The law centres will face off with the ministry in a two-day judicial review hearing in May.
Julie Bishop, director of the Law Centres Network, said: 'So far law centres have put up with all the changes to legal aid contracting from the unified contract to the LASPO [Legal Aid, Sentencing and Punishment of Offenders Act 2012] changes - each time at a cost of law centre closures. This time we have decided enough is enough. The decisions about the HPCD contract are not rational and potentially will impact significantly on law centres' core work.
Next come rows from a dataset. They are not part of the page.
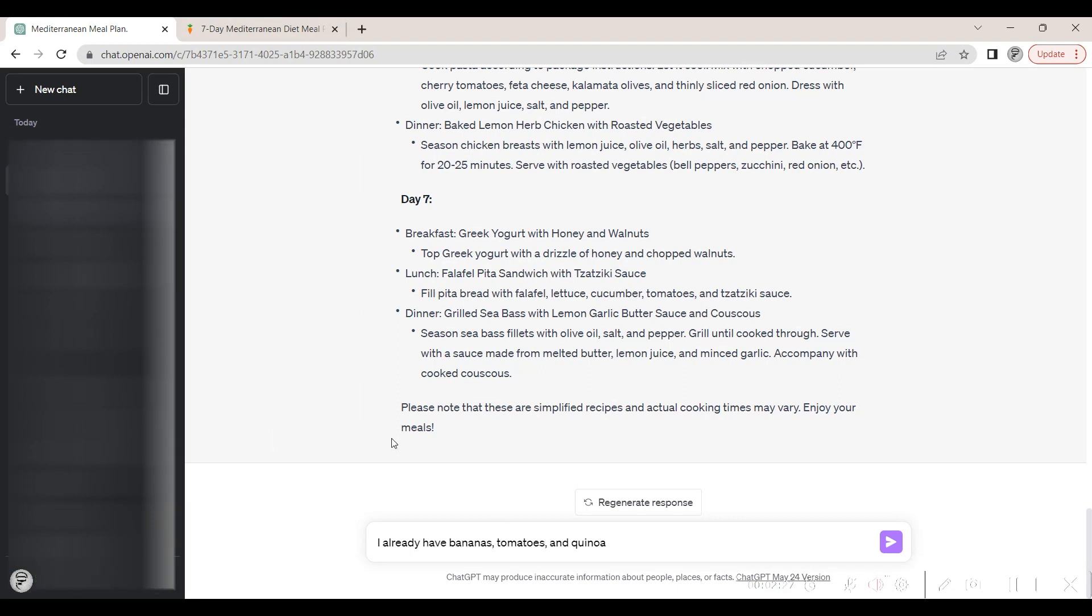We can also use the Instacart plugin to remove any items from the generated shopping list that we may already have at our home.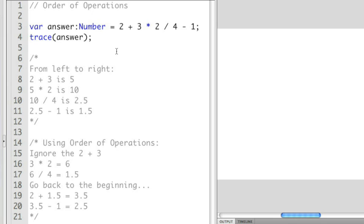Now if you remember in algebra, you're able to group things using parentheses to say calculate me first. We can do the same exact thing in Flash. So if I wanted to force 2 plus 3 to happen first, I can wrap it with parentheses. So if I do that here...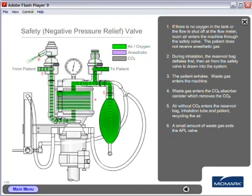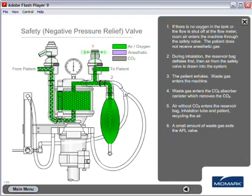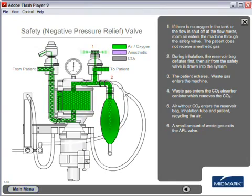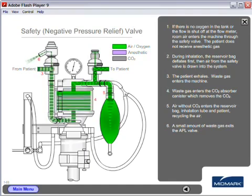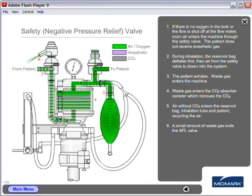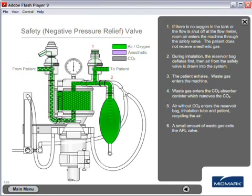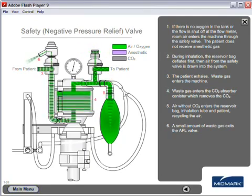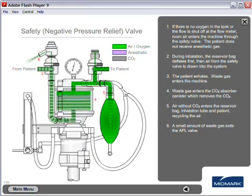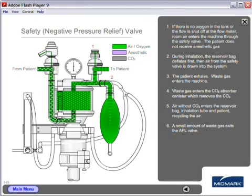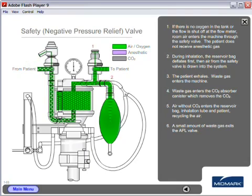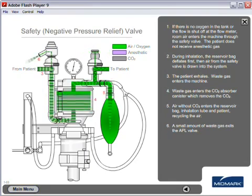Number three, the patient exhales and waste gas enters the machine. Number four, waste gas enters the CO2 absorber canister which removes the CO2. Number five, air without CO2 enters the reservoir bag, inhalation tube and patient, recycling the air. Number six, a small amount of waste gas exits the APL valve.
'Attending the court duty schemes is important for law centres to advise vulnerable people at a time of real need. These are people who, by nature, do not seek help. This is why they end up in court facing eviction. The new contracting model therefore has a significant impact on access to justice and needs to be challenged.'
The ministry also faces a judicial review challenge from the Law Society over reforms to its litigators' graduated fee scheme. A hearing is expected to take place in the summer.
Meanwhile, a Legal Aid Agency update on further opportunities for 2018 civil contract work has highlighted provision challenges.
The agency will be seeking additional services in: seven family procurement areas where it received fewer than five compliant bids; 39 housing and debt procurement areas where it received one or no compliant bids; and six immigration and asylum access points where it received one or no compliant bids.
The agency is seeking expressions of interest for housing possession services for Bodmin County Court and Family Court and/or Truro County Court and Family Court after receiving insufficient compliant tenders for the Cornwall scheme area.
Earlier this year the agency aborted a procurement to provide education and discrimination services from 1 September through its mandatory telephone gateway after receiving insufficient compliant bids. The agency has now confirmed it will extend education contracts with the two current providers. It will shortly begin a procurement process for new discrimination contracts.
Latest legal aid statistics published this week show that the agency received the highest number of applications for exceptional case funding since the Legal Aid, Sentencing and Punishment of Offenders Act came into force in April 2013. Of the 709 applications received between October and December 2017, 343 were granted, 167 were refused and 107 were rejected.